## What needs to be done
Below, some lines carry pictures; leave those pictures out and retype exactly the lines from the one with "Imagem de Palmito-juçara" through the one with "أسعار السمك اليوم".

## Raw data
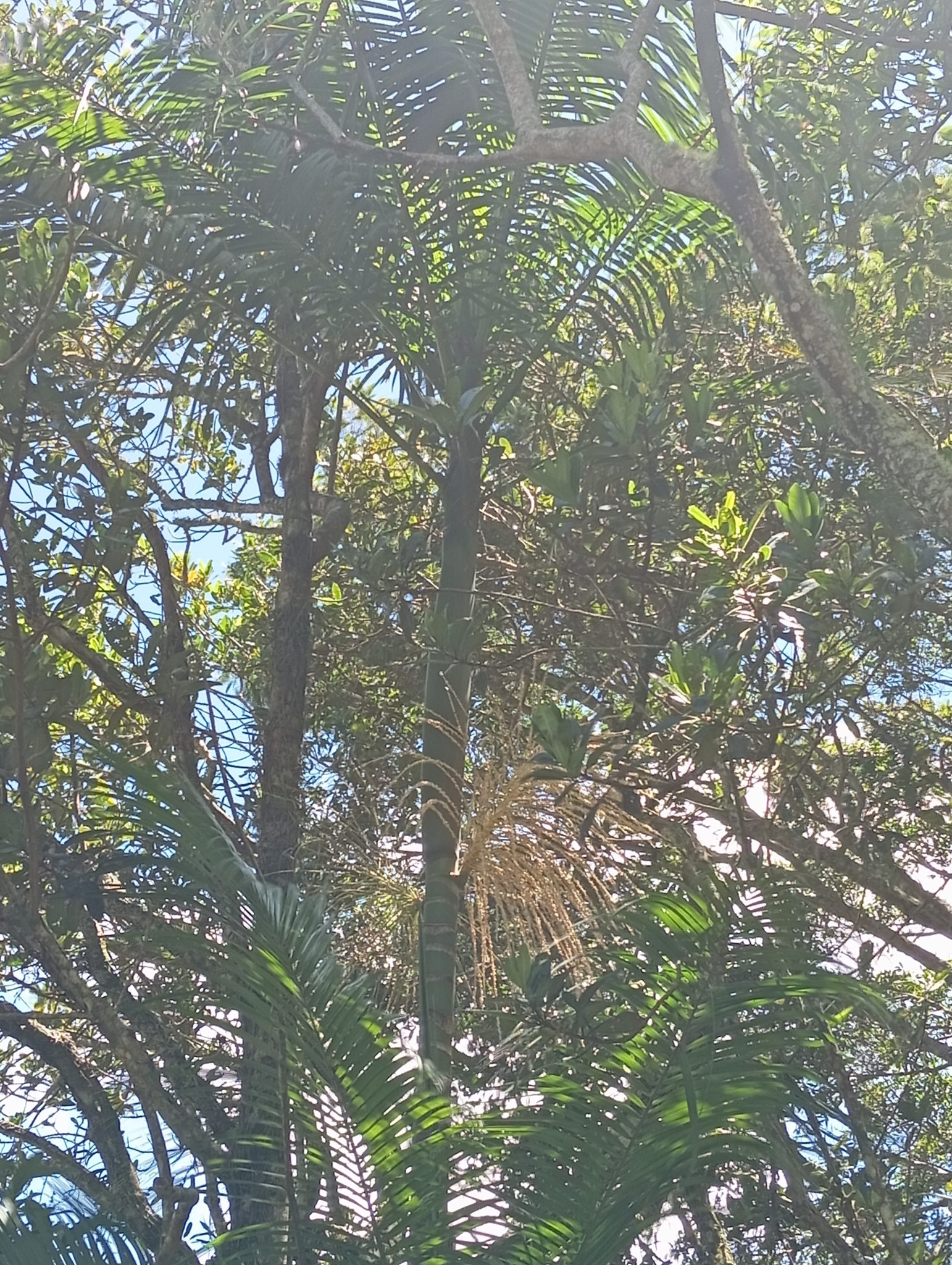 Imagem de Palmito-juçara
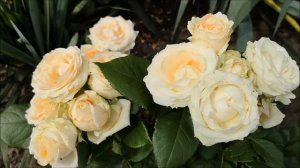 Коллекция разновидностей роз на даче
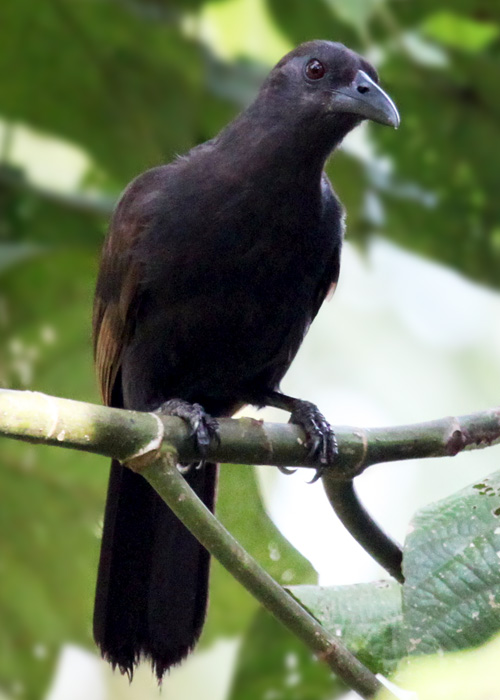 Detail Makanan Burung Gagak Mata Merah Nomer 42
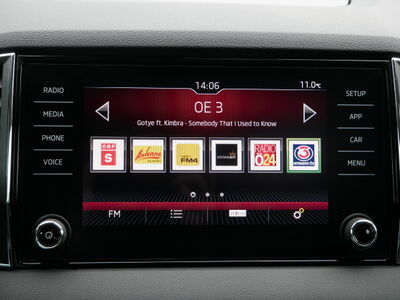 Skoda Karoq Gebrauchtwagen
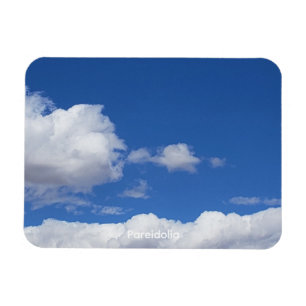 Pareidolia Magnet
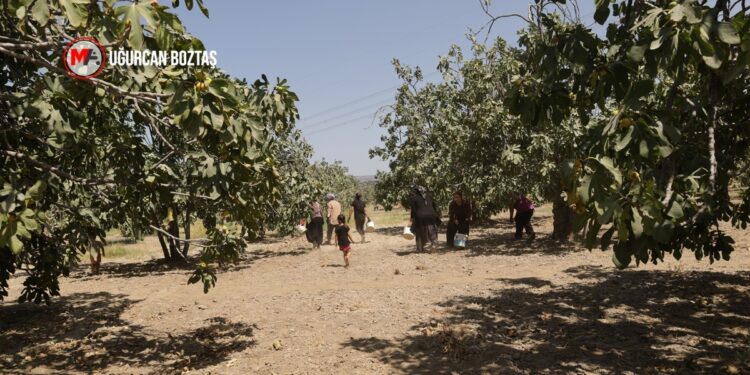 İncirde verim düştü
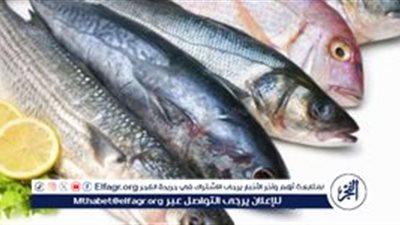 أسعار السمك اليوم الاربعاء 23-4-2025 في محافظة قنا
==
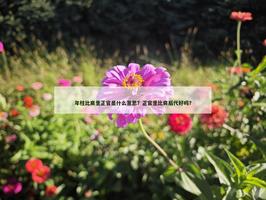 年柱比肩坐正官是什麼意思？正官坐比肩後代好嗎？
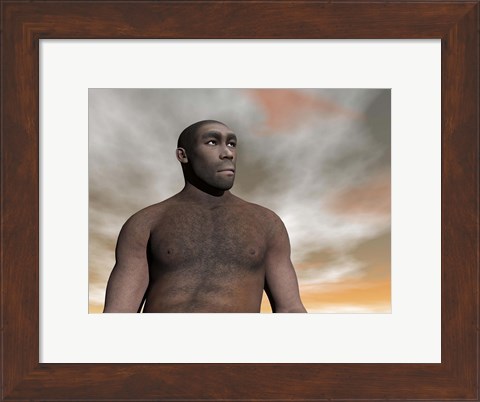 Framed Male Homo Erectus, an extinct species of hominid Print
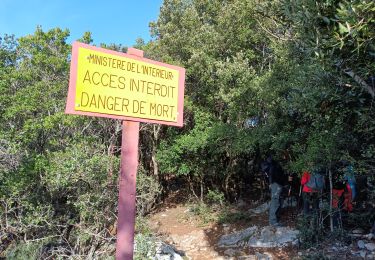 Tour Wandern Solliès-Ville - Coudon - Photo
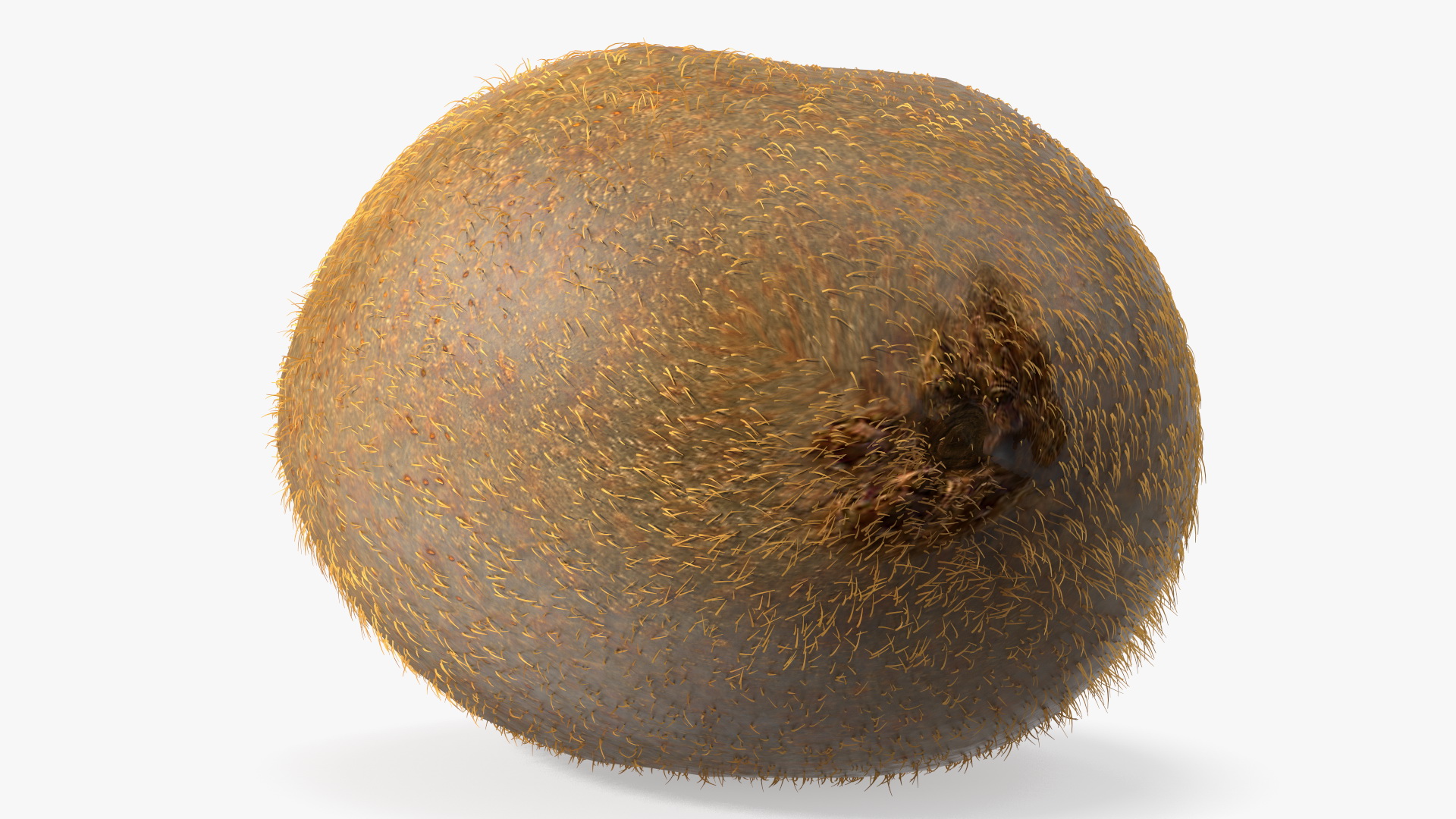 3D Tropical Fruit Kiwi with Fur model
--
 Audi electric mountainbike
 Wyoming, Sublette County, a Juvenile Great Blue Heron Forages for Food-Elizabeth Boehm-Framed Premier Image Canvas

## Expected output
 Imagem de Palmito-juçara
 Коллекция разновидностей роз на даче
 Detail Makanan Burung Gagak Mata Merah Nomer 42
 Skoda Karoq Gebrauchtwagen
 Pareidolia Magnet
 İncirde verim düştü
 أسعار السمك اليوم الاربعاء 23-4-2025 في محافظة قنا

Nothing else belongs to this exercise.